Gas prices are holding steady thanks to the fact that North American production of crude oil is expected to hit an all-time high within the next five years and thanks to ethanol, which now makes up about 10 per cent of the fuel in your gas tank. As gas engines with turbocharging and direct fuel injection become more and more efficient, the payback period for a more expensive hybrid grows longer.
Ford has EcoBoost engines, GM has the Ecotec four, Mazda is coming with SkyActiv and Dodge has the Fiat-inspired and -engined Dart. They’re all saying they can deliver “hybrid” fuel economy without the hybrid price tag. They say they have the technology now to meet the tough fuel economy regs that come with the 2016 model year with engines that customers can fill up at the good old gas station.
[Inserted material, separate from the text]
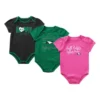 Colosseum North Dakota Fighting Hawks 3pk. Formula Onsie Set -Sportswear Store 65702663339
What they’re going to do in 2026 they’ll decide later.
“We think that the market is ready to listen to a diesel story,” said Chrysler and Fiat CEO Sergio Marchionne as he toured the Detroit auto show. He had no doubt seen the publicity from the Diesel Technology Forum, a lobbying group of which his company is a member. They’re saying there’s growing consumer confidence in diesels by pointing out that diesel car sales went up 27 per cent last year in the United States while hybrid sales slipped. Over all, diesels were 3 per cent of the U.S. automotive market last year, with all battery-electric, plug-in and conventional hybrid models combined making up just over 2 per cent.
Chevrolet is about to introduce a diesel-powered version of its compact Cruze and the rumour is that it will deliver better highway mileage than the Toyota Prius hybrid. Chrysler plans to sell a diesel version of several Jeeps, Mazda wants to be the first Asian car manufacturer to sell diesel cars in the United States and the big Mercedes-Benz S-Class is coming back with a diesel in North America after a 17-year absence.
Volkswagen is the leader in diesel cars in North America. Last year, 21 per cent of VeeDubs in the United States came with a diesel engine. That’s about half of their diesel take-rate in Canada. We don’t know if growth in diesel demand will continue to outpace that of hybrids this year, but many manufacturers are betting it will.
Before we conclude that electric cars were just a passing fancy (again) let me point out that Toyota is confident that the sub-$20,000 Prius C hybrid will be a turning point in attracting budget-conscious buyers and that Nissan is still building electric car capacity of 250,000 a year in Tennessee.
But I believe the most significant encouragement to electric cars fans came from U.S. Energy Secretary Steven Chu who was in Detroit for a speech. Chu is the Nobel Prize winner who is a champion of alternative energy. He told the Detroit Economic Club that he’s not worried by soft sales of electrics and plug-ins and that the Administration is sticking to its goal of getting a million of them on U.S. roads by the middle of next decade.
The most expensive component of all these cars is the battery and the U.S. Government has spent more than $2-billion (U.S.) on domestic battery production. Chu said batteries for plug-in hybrids cost about $12,000 four years ago. By 2015, he says it will be $3,600. “Once you get a battery that's $1,500 and much less expensive electric motors, which we are also working on, then you get to a very exciting price point,” he said. That, he hopes, will happen by 2020.